### HOW TO COMPLETE THIS TASK
Instruction for the entries that follow: retype exactly the lines from the line with "Schwinn 21 Soeed Midtown Bike" to the line with "2024, 9:17 am", both included, and omit all others.

====== RECORDS SHOWN ======

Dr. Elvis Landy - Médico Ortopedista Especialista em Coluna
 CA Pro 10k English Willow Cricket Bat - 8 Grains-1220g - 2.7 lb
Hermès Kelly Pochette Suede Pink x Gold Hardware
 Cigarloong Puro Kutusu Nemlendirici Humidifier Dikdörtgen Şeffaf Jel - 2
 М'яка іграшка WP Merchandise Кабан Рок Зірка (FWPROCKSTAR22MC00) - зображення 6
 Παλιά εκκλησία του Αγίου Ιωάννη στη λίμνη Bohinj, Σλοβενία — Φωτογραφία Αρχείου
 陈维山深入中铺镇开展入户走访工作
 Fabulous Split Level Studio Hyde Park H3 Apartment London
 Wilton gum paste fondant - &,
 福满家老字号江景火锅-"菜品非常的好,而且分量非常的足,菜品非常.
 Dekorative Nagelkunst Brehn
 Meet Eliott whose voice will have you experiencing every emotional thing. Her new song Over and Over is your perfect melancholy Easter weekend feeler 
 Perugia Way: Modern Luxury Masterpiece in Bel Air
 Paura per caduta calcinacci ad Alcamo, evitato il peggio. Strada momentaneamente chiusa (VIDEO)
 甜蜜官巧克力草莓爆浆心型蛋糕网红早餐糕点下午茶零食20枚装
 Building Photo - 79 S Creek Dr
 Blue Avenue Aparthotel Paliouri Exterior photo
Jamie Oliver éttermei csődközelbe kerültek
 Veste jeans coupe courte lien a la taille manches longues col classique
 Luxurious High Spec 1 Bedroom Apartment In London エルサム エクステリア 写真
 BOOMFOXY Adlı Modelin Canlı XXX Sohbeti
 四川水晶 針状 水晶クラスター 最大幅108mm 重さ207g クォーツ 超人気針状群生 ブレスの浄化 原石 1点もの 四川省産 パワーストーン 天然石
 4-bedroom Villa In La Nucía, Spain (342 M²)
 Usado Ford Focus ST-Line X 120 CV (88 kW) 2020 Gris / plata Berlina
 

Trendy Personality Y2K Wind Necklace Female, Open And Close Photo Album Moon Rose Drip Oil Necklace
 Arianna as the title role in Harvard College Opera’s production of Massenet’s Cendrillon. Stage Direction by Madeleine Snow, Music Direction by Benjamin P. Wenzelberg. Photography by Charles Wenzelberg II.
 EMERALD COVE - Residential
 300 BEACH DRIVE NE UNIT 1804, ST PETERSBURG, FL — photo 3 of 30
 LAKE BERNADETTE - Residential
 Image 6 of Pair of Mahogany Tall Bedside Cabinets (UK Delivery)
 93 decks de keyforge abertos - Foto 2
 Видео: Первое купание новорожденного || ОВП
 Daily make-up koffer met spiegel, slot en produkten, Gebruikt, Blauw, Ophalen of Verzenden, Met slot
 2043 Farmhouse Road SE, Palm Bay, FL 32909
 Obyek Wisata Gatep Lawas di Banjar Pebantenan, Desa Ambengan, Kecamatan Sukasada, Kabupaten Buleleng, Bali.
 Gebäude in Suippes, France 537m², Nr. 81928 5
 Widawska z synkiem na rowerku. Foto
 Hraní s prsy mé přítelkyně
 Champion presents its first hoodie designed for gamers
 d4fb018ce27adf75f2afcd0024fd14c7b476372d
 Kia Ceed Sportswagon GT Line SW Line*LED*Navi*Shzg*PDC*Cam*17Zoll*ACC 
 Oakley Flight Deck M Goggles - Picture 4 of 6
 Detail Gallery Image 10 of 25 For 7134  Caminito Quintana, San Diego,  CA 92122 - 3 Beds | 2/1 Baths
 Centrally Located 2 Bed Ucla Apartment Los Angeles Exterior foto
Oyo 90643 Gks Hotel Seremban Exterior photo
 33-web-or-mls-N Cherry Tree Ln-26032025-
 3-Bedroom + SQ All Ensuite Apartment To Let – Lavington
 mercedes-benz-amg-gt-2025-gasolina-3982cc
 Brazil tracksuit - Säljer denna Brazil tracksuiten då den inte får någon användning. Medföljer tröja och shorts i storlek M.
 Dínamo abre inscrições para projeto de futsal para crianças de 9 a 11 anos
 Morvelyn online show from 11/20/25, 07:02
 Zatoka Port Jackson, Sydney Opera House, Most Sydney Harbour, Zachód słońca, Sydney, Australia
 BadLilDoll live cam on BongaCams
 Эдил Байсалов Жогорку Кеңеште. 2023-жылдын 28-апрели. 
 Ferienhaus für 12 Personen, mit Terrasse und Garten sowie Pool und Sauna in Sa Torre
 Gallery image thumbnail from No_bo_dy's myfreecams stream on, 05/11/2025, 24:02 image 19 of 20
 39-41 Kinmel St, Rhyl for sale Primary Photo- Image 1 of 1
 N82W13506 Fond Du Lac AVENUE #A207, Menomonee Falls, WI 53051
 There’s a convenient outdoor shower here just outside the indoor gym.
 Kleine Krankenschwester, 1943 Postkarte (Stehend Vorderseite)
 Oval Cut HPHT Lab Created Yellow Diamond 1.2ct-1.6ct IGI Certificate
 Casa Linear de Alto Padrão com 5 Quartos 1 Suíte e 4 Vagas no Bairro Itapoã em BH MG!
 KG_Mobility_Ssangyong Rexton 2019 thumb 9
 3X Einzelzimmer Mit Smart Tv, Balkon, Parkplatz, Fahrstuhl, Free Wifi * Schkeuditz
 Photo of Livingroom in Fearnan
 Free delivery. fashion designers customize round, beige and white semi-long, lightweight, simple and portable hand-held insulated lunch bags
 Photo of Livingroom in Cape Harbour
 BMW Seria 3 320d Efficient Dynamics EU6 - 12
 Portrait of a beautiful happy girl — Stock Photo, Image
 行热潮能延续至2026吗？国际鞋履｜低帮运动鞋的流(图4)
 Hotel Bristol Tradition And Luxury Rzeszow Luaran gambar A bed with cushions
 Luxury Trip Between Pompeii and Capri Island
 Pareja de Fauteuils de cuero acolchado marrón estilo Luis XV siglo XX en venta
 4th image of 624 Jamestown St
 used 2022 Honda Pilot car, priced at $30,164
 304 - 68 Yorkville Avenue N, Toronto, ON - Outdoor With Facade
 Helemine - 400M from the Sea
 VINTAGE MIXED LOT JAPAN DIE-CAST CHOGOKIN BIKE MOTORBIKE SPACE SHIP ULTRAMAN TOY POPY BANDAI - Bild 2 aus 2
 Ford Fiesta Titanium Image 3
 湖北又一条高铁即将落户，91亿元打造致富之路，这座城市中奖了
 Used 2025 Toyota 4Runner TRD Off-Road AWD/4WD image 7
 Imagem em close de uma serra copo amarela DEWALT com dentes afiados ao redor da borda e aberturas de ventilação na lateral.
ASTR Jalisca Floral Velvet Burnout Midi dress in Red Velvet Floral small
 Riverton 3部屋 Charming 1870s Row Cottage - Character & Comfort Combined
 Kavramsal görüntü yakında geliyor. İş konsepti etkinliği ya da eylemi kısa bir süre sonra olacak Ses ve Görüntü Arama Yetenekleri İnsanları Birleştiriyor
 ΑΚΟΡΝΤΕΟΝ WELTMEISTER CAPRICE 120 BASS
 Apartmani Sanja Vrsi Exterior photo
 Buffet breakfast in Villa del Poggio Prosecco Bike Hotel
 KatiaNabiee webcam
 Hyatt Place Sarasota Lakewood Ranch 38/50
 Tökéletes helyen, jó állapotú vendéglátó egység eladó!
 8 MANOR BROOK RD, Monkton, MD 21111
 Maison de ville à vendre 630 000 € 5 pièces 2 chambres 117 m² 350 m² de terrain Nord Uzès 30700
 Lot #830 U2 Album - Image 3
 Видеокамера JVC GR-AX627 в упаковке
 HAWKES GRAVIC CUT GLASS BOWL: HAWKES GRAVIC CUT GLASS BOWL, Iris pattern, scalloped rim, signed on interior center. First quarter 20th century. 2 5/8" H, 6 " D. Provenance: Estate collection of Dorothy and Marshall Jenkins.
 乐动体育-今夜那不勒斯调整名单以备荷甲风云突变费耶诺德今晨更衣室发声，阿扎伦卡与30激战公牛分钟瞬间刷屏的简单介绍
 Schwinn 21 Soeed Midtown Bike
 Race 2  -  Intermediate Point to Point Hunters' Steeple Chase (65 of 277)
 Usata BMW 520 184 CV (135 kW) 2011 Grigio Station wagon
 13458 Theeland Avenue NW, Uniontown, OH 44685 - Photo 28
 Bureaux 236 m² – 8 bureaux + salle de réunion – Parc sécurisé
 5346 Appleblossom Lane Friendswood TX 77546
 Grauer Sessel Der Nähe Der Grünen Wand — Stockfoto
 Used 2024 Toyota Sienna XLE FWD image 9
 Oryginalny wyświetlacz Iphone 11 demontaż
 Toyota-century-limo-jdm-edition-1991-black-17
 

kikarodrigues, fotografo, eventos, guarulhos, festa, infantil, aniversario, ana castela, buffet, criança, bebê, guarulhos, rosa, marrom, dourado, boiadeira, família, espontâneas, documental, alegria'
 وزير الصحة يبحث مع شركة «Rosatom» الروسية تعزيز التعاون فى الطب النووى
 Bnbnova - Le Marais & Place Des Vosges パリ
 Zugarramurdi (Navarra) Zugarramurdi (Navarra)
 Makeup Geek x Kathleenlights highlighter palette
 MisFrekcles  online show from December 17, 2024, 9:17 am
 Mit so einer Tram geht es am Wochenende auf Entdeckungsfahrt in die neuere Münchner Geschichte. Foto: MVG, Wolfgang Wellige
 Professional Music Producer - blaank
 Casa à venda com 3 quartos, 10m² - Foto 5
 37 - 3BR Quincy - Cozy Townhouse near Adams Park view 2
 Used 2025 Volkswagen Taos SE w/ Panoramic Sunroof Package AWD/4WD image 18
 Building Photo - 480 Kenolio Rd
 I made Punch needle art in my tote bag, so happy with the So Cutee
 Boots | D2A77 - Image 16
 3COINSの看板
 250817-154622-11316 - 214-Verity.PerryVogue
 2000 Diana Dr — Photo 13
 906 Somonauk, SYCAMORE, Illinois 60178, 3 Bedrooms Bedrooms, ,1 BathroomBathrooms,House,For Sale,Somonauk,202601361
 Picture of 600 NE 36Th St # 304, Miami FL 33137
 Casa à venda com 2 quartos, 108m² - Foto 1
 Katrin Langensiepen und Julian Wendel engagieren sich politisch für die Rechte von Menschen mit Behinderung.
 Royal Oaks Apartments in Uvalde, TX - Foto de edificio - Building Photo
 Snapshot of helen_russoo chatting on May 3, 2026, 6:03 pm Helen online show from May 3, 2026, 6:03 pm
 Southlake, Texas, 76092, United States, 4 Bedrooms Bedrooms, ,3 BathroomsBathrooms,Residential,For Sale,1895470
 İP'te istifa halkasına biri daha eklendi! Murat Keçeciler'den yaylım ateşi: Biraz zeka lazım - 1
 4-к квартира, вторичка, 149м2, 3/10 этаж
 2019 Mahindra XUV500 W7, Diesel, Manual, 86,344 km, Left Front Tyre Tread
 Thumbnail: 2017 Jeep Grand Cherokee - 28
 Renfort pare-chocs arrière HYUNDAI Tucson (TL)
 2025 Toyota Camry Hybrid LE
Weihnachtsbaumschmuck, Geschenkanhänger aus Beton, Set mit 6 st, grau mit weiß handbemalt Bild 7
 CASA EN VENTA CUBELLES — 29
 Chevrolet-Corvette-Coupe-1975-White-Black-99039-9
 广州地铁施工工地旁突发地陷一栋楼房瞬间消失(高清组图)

======

### OUTPUT OF THE EXERCISE
 Schwinn 21 Soeed Midtown Bike
 Race 2  -  Intermediate Point to Point Hunters' Steeple Chase (65 of 277)
 Usata BMW 520 184 CV (135 kW) 2011 Grigio Station wagon
 13458 Theeland Avenue NW, Uniontown, OH 44685 - Photo 28
 Bureaux 236 m² – 8 bureaux + salle de réunion – Parc sécurisé
 5346 Appleblossom Lane Friendswood TX 77546
 Grauer Sessel Der Nähe Der Grünen Wand — Stockfoto
 Used 2024 Toyota Sienna XLE FWD image 9
 Oryginalny wyświetlacz Iphone 11 demontaż
 Toyota-century-limo-jdm-edition-1991-black-17
 

kikarodrigues, fotografo, eventos, guarulhos, festa, infantil, aniversario, ana castela, buffet, criança, bebê, guarulhos, rosa, marrom, dourado, boiadeira, família, espontâneas, documental, alegria'
 وزير الصحة يبحث مع شركة «Rosatom» الروسية تعزيز التعاون فى الطب النووى
 Bnbnova - Le Marais & Place Des Vosges パリ
 Zugarramurdi (Navarra) Zugarramurdi (Navarra)
 Makeup Geek x Kathleenlights highlighter palette
 MisFrekcles  online show from December 17, 2024, 9:17 am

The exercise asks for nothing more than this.